Yeah, that's a fair point. Environmental issues are also really huge right now (look at all the candidate's platforms, US or Can). And demand is driving other parts of the market, like hybrid cars. Maybe the eat local movement is spillover, or maybe it's an indicator of population thinking.
I think this is theory vs. practice issues. In theory, local foods should help people embrace what they have and enjoy diverse tastes like you say. In practice, will it just force local farmers to produce the same things in each region? I don't know if food education is a bad thing (the media will go straight to safety and health hazard issues). It's that current stores are already fairly homogenized because so many things are shipped from out of country - you can always find the most popular fruits & veg on the shelf even when they're out of season. But how much do people know about what goes on to get them fresh apples & oranges year round?

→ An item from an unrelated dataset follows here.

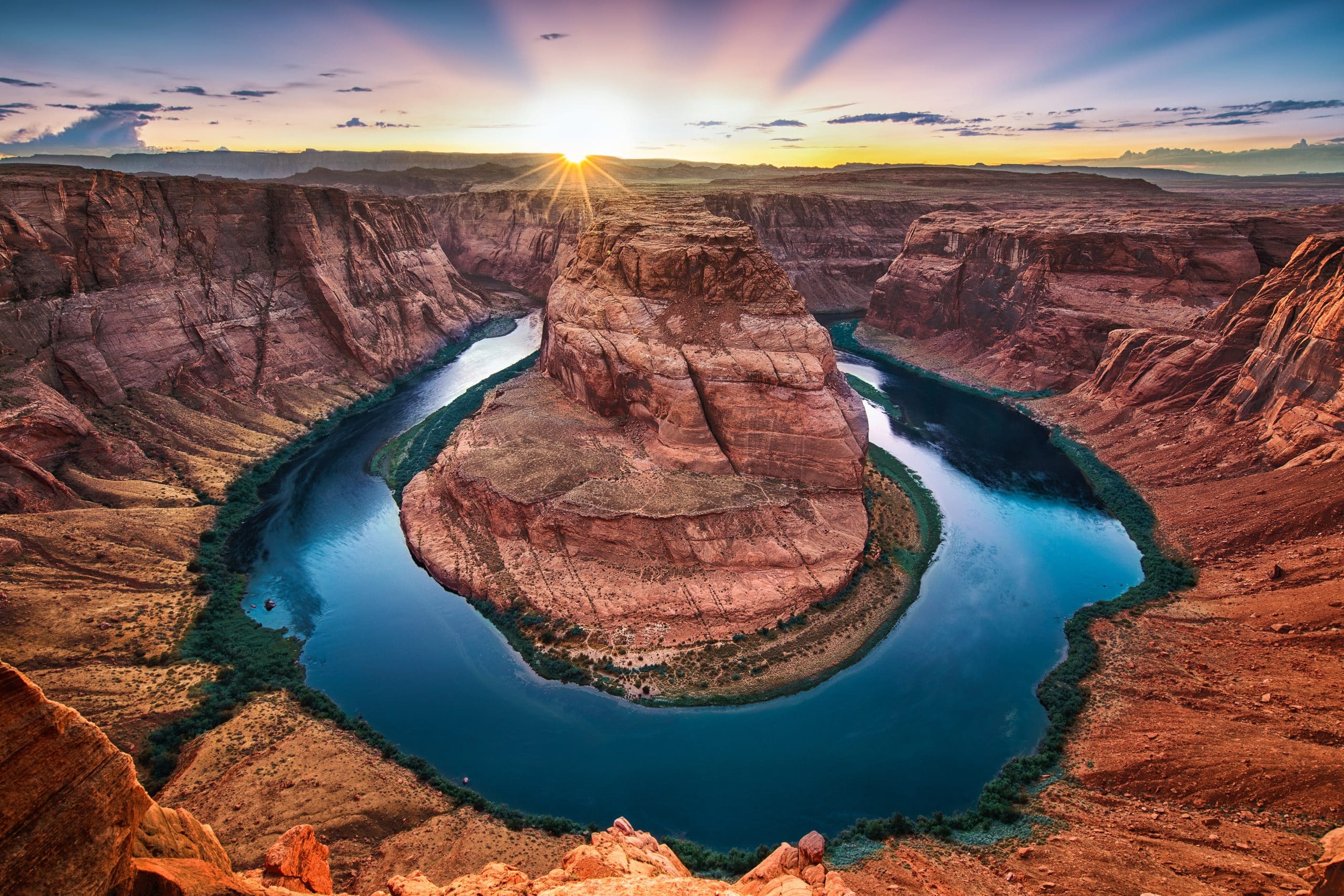 Horseshoe Bend in Arizona met bocht in Colorado River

>we'll substitute bumper-sticker platitudes for real intelligence, we'll turn serious thought into a good/bad dichotomy
If that's the kind of thing it turns into, then it probably is just a trend. Good/bad dichotomies are so depressing. The feeling I get in this part of the country is that it's just marketed as a way to get people to appreciate what they've got here, instead of rushing out to import everything to meet consumer demand. But if it gets pitched as a way to make outsourced food look unhealthy/unsafe/undesirable, that's, uh, dangerous.
I should be bitter too. I don't have Maine blueberries to pine for but only Niagara peaches. I only got one good carton last year, never to be seen again. Then I was sad.